During the Scottish independence debate over the next two years I expect to hear several arguments being repeated over and over again. Now, off the top of my head, there are some statistics from both sides I take issue with and I wish to address.

Firstly, from Yes Scotland:

Scotland gets 9.3% of UK spending, but generates 9.6% of UK taxes. We generate over £1,000 more tax per person than the average across the UK. Over each of the last 6 years Scotland’s finances have been stronger than the UK. And over the past 30 years, we have had a relative surplus of £19 billion.

Apart from the fact that the above figures take a snapshot of one year (in other words over the last 30 years, say, there have been times where the opposite has happened), they are speculative at best for one very simple reason - they assume that 90+% of North Sea oil is allocated to Scotland. The figures also fluctuate depending on the North Sea revenues in a given year. I have touched on the legal problems before. Now the very simple but very important legal position is as follows: Scotland and England created the Acts of Union in 1707 to form Great Britain. It is Westminster that is sovereign. Not Scotland. Not England. The purpose of the Acts of Union was to create a new state, albeit with two separate jurisdictions within it. No border was set in 1707. It is up to Westminster to set this internal border as it likes through legislation. International law does not have, and never will have, the authority to determine the UK's internal boundaries.

No matter how much it may hurt them, the SNP cannot set the UK's borders - only the UK parliament can do that. At present there is no distinction between "Scottish" or "English" waters, they are British waters. And until such times as Scotland or England legally separate from the other they always will be. The SNP like to draw an east-west line through Berwick on Tweed, which puts the vast majority of North Sea oil in Scotland. But in 1999 Westminster changed the boundary to follow the Tweed in a north-easterly direction, putting closer to 50% of the reserves in Scotland. Now if Scotland voted to leave the UK in 2014 all it means is that the Scottish parliament has the right to start negotiations with Westminster about leaving the UK. The boundary would be part of those negotiations. Only after setting the boundary would international law apply for allocating revenues, not before.

I have it on good authority that Westminster could have a strong case for claiming up to half of the oil reserves. The remaining question would be what happens to the Orkney and Shetland islands if they decided to remain in the UK - something which the SNP MP Angus MacNeil has said would be accepted. If they decided to stay in the UK then they would be seen as detached islands of the UK mainland (so oil revenues from the Northern Isles would still flow to the UK Treasury), and another new boundary would need to be set.

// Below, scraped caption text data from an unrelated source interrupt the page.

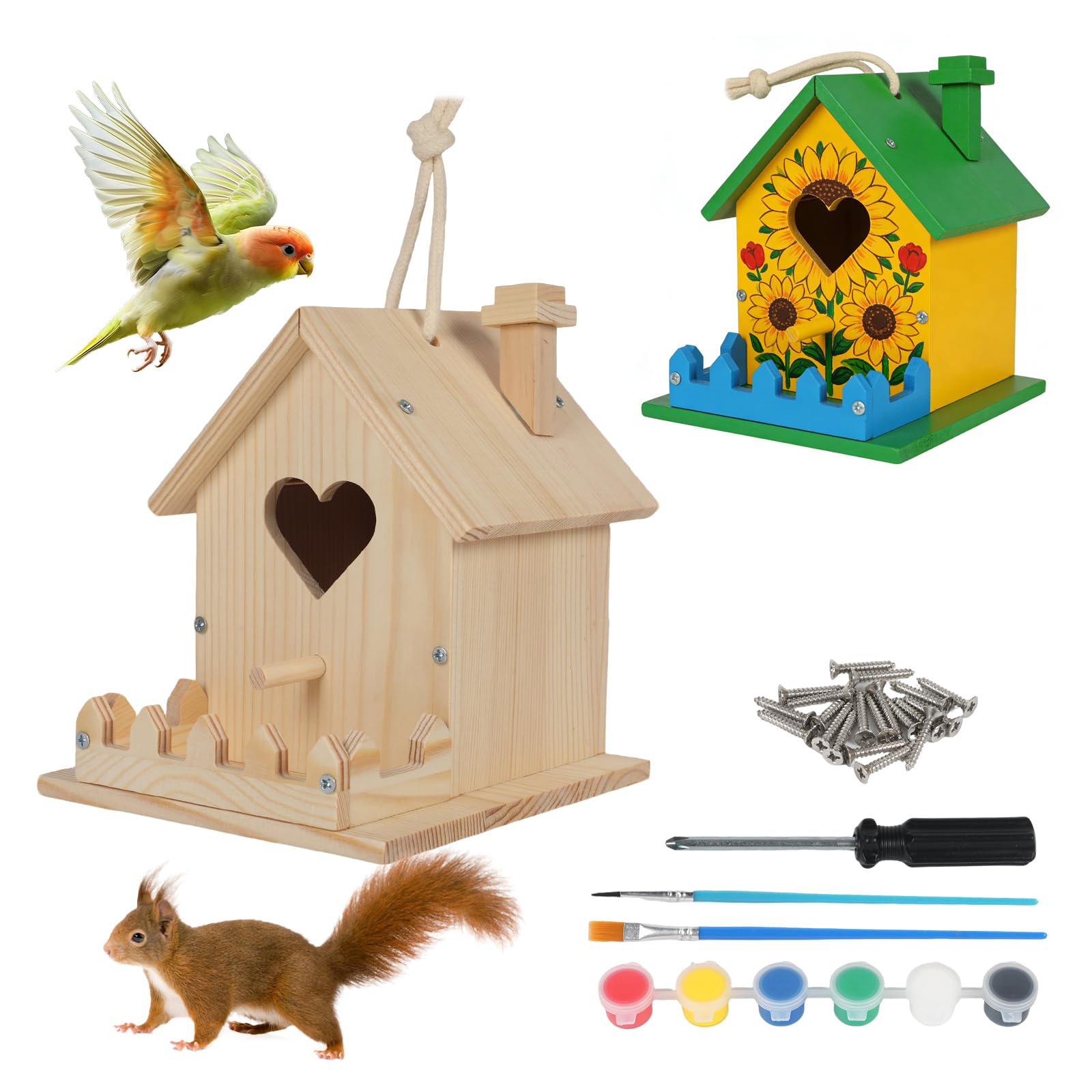 Wooden DIY Bird House Kit, Hanging Birdhouse Arts and Crafts for Kids and Adults to Build and Paint, Including Paints and Brushes, Outdoor Craft Set for Garden, Ecological Bird Protection (Style 2)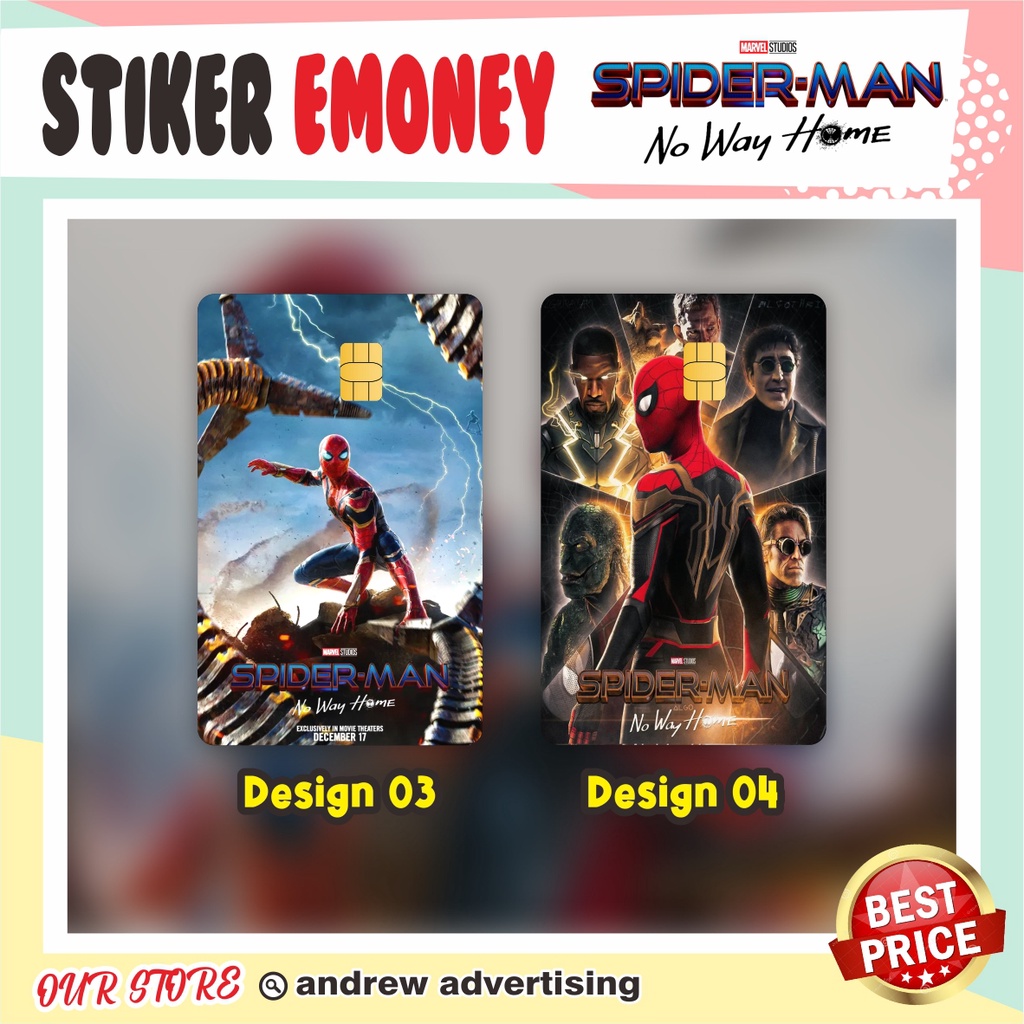 Spiderman No Way Home Stiker Emoney / ATM / Flazz / Garskin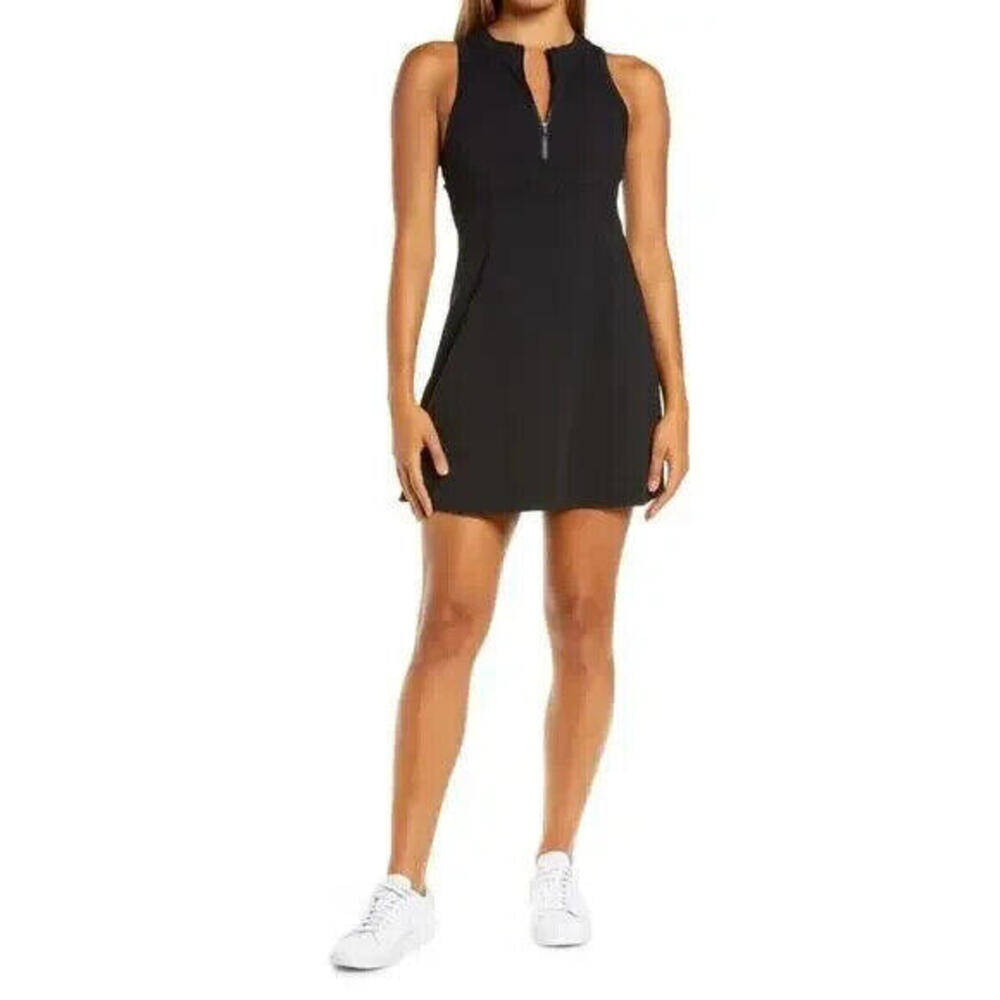 Sweaty Betty Black Sleeveless Zip-Front Tennis Dress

As a consequence of all these issues, the SNP cannot guarantee in any shape or form that a separate Scottish state would have 90+% of North Sea oil. It would be legal matter which could eventually be referred to an international court. The statistic therefore loses its credibility.

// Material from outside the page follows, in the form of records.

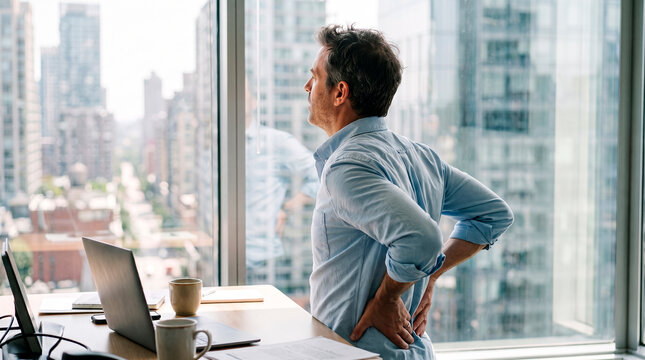 Man experiencing back pain while looking out office window at city skyline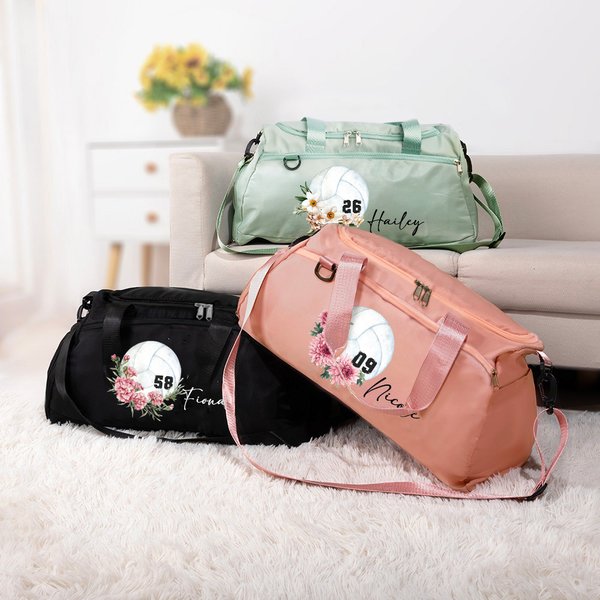 Personalisierte Volleyball Geburt Blume große Sport Duffle Bag mit Schuhfach und Schultergurt Geburtstag Team Geschenk für Frauen Volleyball-Liebhaber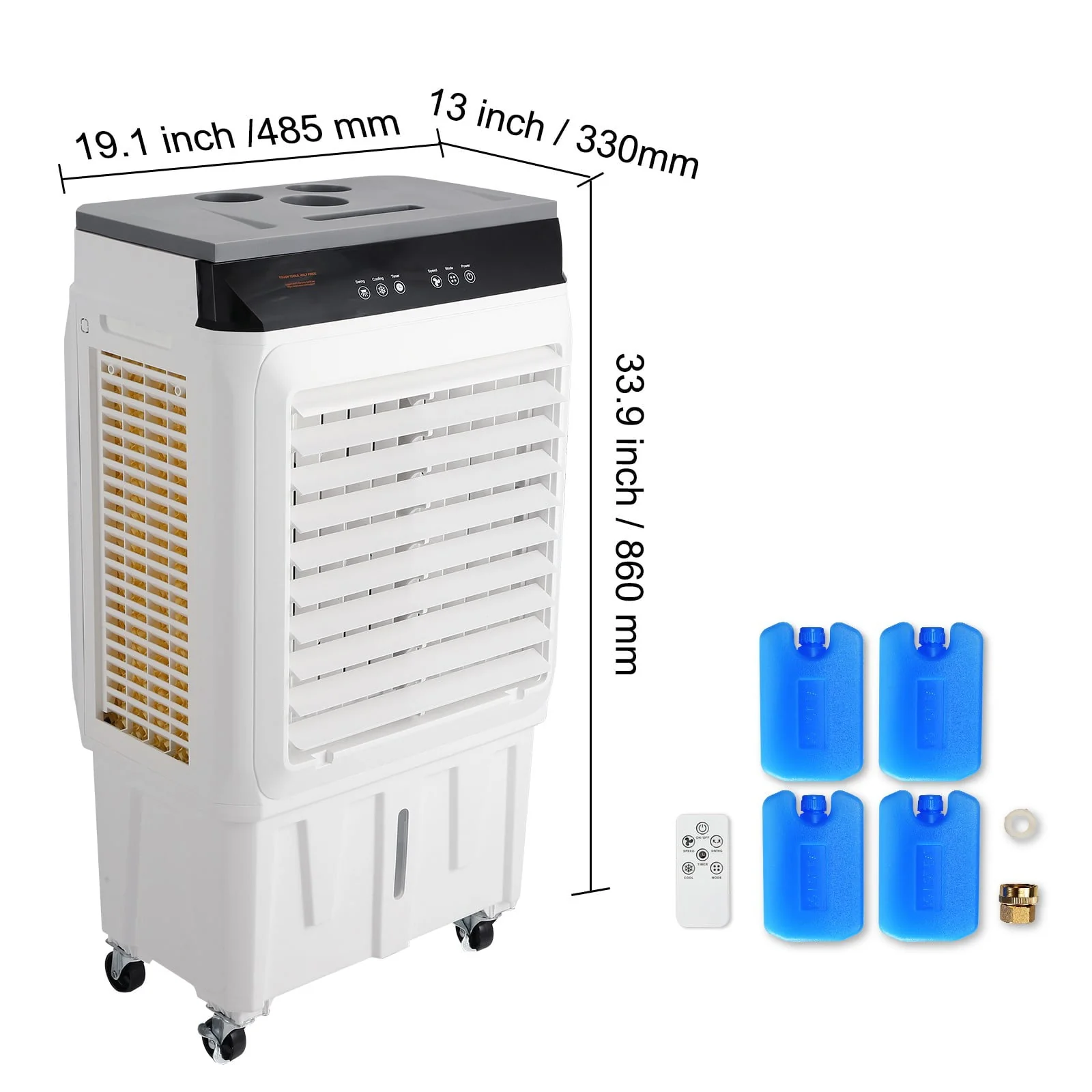 BENTISM Evaporative Cooler Swamp Cooler 3 in 1 2100 CFM 7 Gal 12h Timer Air Humidifier Image 8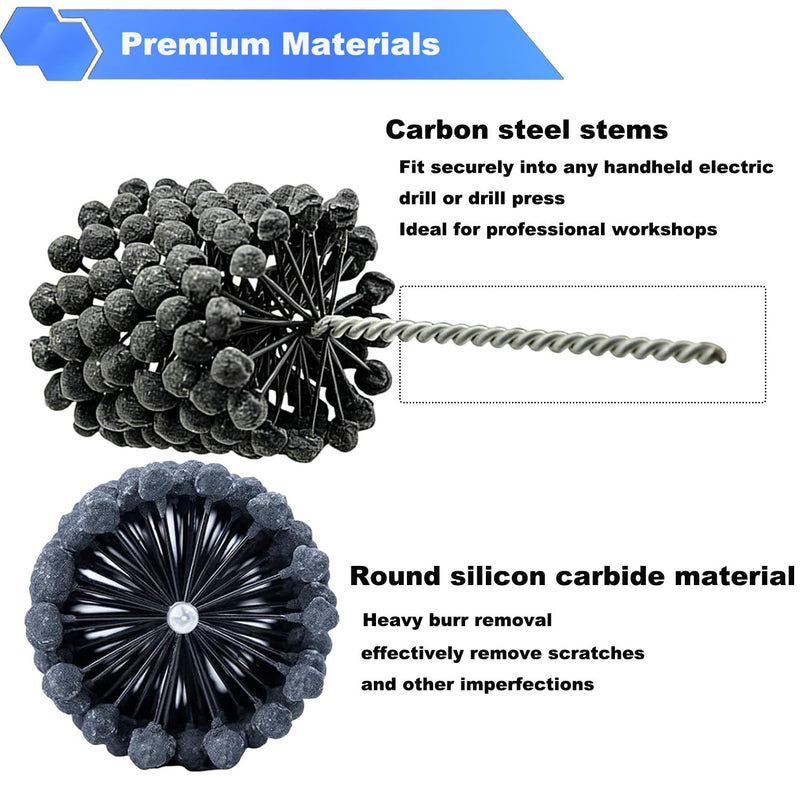 3" (76.2mm) Flexible Cylinder Hone Tool, 240 Grit Silicon Carbide Engine Brake Cylinder Deglazer & Bore Refinishing Brush, Ball Abrasive for Honing, Deburring & Cross-Hatching Use on 2.75-3inch Bore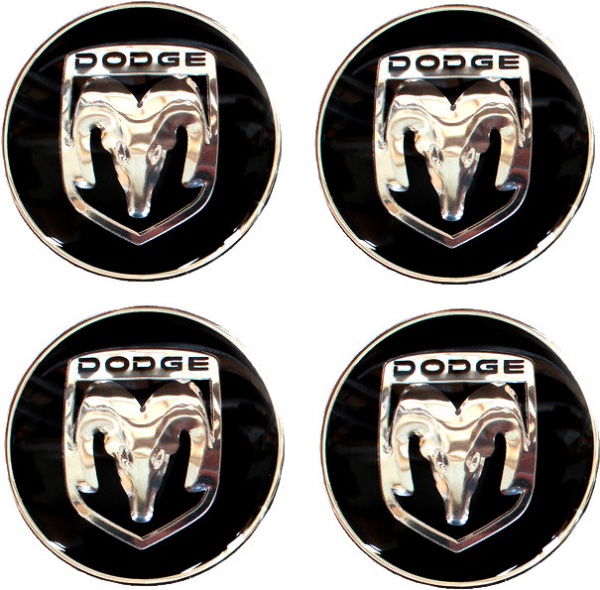 Наклейка-шильда Dodge 60 мм на колпаки и диски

And even assuming the SNP's vision of how North Sea oil would be divided up, Scotland has not been in a stronger fiscal position than the UK over the past 6 years:

Yes Scotland later go on to say:

North Sea oil will provide a safety net for the next 40 years.

But according to Oil & Gas UK, there may be only 17 years left at current production levels. In order to extract all the reserves companies will need to spend millions developing new techniques, and only then would oil last another 30-40 years.

And from Alex Salmond is the following claim:

An independent Scotland with access to all our nation's resources will be the sixth most prosperous nation in the OECD league table – compared with the UK's number 16 placing.

The above calculation is not done by the OECD but instead carried out by the SNP using OECD data for GDP per capita. Now assuming 90+% of North Sea oil, there is no doubt that Scotland’s position would improve considerably based on GDP per capita. However, what does this actually mean? Would separation result in Scots instantly becoming richer overnight? Well, no. Most North Sea operations are privately owned (e.g. BP) and so profits are likely to end up being remitted outside of Scotland. So in reality, this apparent 'boost' to GDP per capita would not feed through to raising the living standards of ordinary Scots. A more accurate way to measure wealth in these circumstances would be to use GNP or GNI. Both of these measures account for the output generated by a country’s firms, regardless of where they are based. Unfortunately no such statistics exist for the component nations of the UK, only for the UK as a whole.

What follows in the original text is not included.